Reputation: 2897
I am attempting to write a regular expression to match certain patterns except for those with a preceding pattern. In other words given the following sentence:
Don't want to match paragraph 1.2.3.4 but this instead 5.6.7.8
I would like to match all X.X.X.X
that does not have the word paragraph
in front of it, ie it should only match 5.6.7.8. My current regex as such seems to match both 1.2.3.4 and 5.6.7.8. I have switched around the lookaheads but doesn't seem to match my use case.
(?<!paragraph)(?:[\(\)0-9a-zA-Z]+\.)+[\(\)0-9a-zA-Z]+
I code in javascript.
EDIT: Note that X.X.X.X
are not fixed at 4 X
s. They range from X.X
to X.X.X.X.X
Upvotes: 3
Views: 233
Reputation: 1074018
Your pattern matches because "paragraph" is not the same as "paragraph[space]". Your pattern doesn't have a space.

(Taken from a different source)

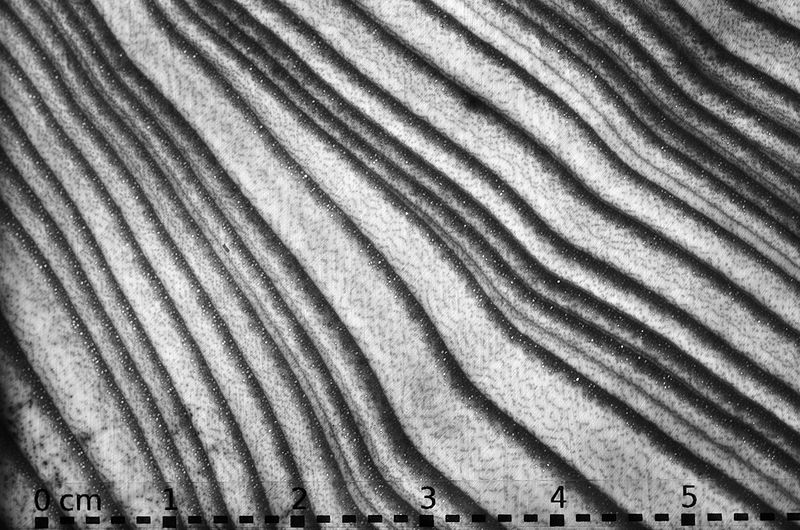 File:Wood cross-section Fraxinus excelsior 6cm.jpg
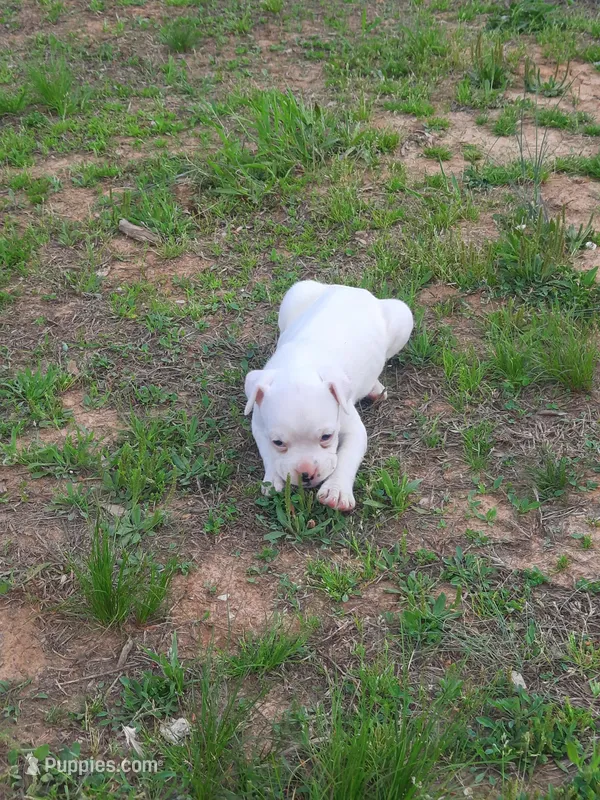 Queen – Boxer puppy for sale in Somerville, TN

Your text does.
You may want to add the space (perhaps conditionally?) to your lookbehind. Because you want to match a varying number of X.X.X.X
(you've said X.X
through X.X.X.X.X
), we need to include X.
in the lookbehind as well:
const rex = /(?<!paragraph *(?:[\(\)0-9a-zA-Z]+\.)*)(?:[\(\)0-9a-zA-Z]+\.){1,4}[\(\)0-9a-zA-Z]/i;
Live Example:
function test(str) {
const rex = /(?<!paragraph *(?:[\(\)0-9a-zA-Z]+\.)*)(?:[\(\)0-9a-zA-Z]+\.){1,4}[\(\)0-9a-zA-Z]/i;
const match = rex.exec(str);
console.log(match ? match[0] : "No match");
}
console.log("Testing four 'digits':");
test("Don't want to match paragraph 1.2.3.4 but this instead 5.6.7.8 blah");
console.log("Testing two 'digits':");
test("Don't want to match paragraph 1.2.3.4 but this instead 5.6 blah");
console.log("Testing two 'digits' again:");
test("Don't want to match paragraph 1.2 but this instead 5.6 blah");
console.log("Testing five 'digits' again:");
test("Don't want to match paragraph 1.2 but this instead 5.6.7.8.9 blah");
That expression requires:
paragraph
followed by zero or more spaces possibly followed by X.

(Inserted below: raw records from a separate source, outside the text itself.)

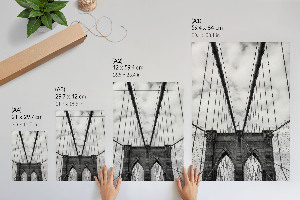 Wall art featuring a rope bridge
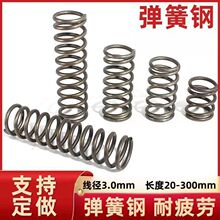 3.0���ɏ��ɏ����������S�p�����s����䓽z�Cе���ɏ����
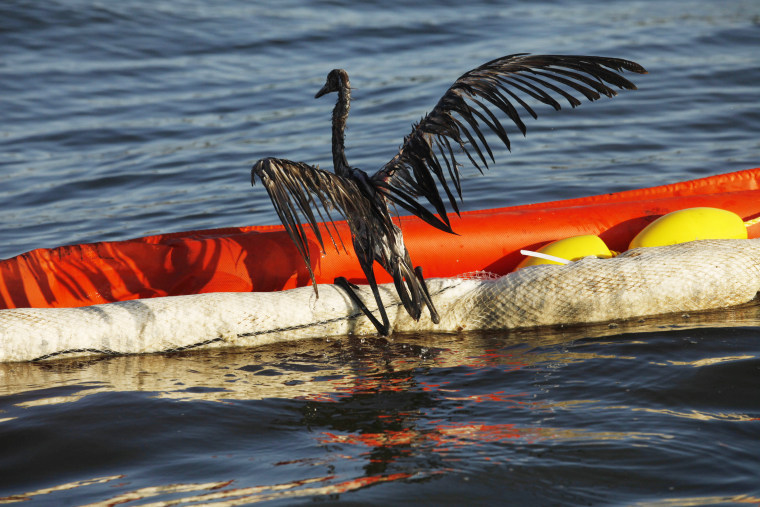 FILE - In this Saturday, June 26, 2010 file picture, an oil-drenched bird struggles to climb onto a boom from the waters of Barataria Bay, LA, which are filled with oil from the BP Deepwater Horizon oil spill. An April 20, 2010 explosion at the...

zer or more times is not immediately prior to the match; andX.
is repeated one to four times ({1,4}
); andX
immediately follows those threeX
in my example is A-Z0-9
and I've made the expression case-insensitive, but you can tweak as needed.

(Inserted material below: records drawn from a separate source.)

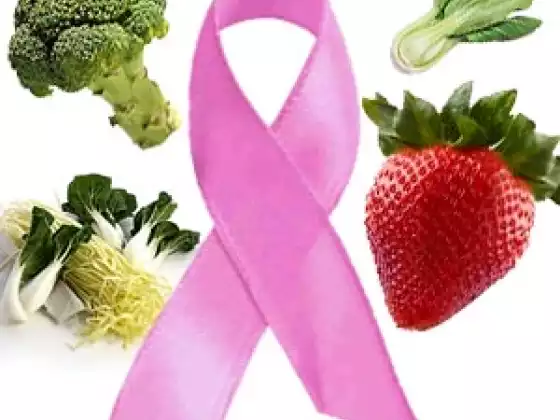 Cancer Prevention & Survival through Nutrition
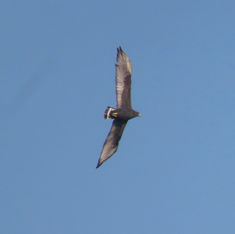 Zone-tailed Hawk (Buteo albonotatus)
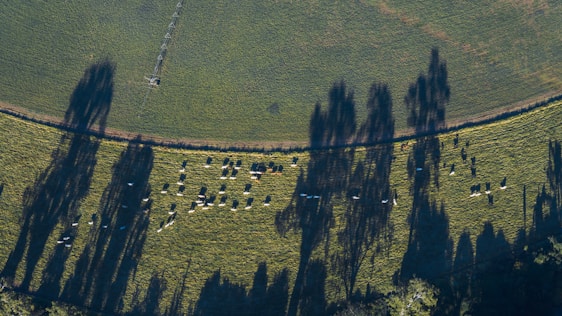 An aerial view of a green pasture with a herd of cows grazing. Long shadows from tall trees fall across the field, creating a striking pattern against the grass. The terrain appears lush and expansive, with distinct lines marking different sections of the field.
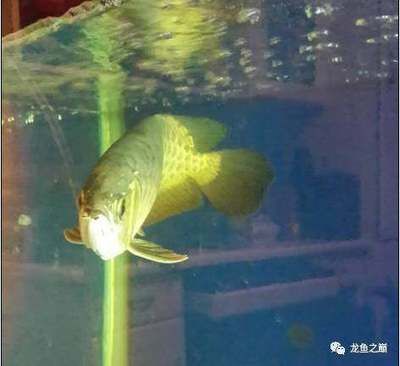 龍魚新入缸不開口下鹽會死嗎為什么：龍魚新入缸不開口下鹽會死嗎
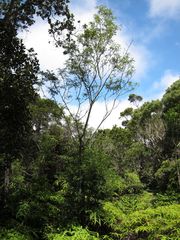 Polyscias waialealae
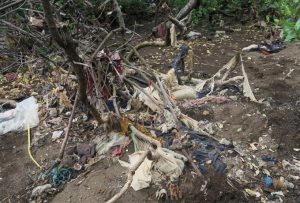 Une mangrove encombrée de déchets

Note that lookbehind was only added to JavaScript recently, in ES2018, so support requires up-to-date JavaScript environments. If you need lookbehind on older environments, you might check out Steven Levithan's excellent XRegex library.
Also note that variable-length lookbehind like the above is not supported in all languages (but is supported in JavaScript...in engines that are up-to-date).
Upvotes: 4
Reputation: 5853
You can build the Regex iteratively -
Test regex here.
const inputData = 'Don\'t want to match paragraph 1.2.3.4 but this instead 5.6.7.8 and 12.2.333.2';
const re = /(?<!paragraph\s+)(\d{1,}\.\d{1,}\.\d{1,}\.\d{1,})/ig;
const matchedGroups = inputData.matchAll(re);
for (const matchedGroup of matchedGroups) {
console.log(matchedGroup);
}
Upvotes: 0
Reputation: 2835
If you always want to match a 4-item group, you can do it like this:
(?<!paragraph )([0-9]+.?){4}
Upvotes: 0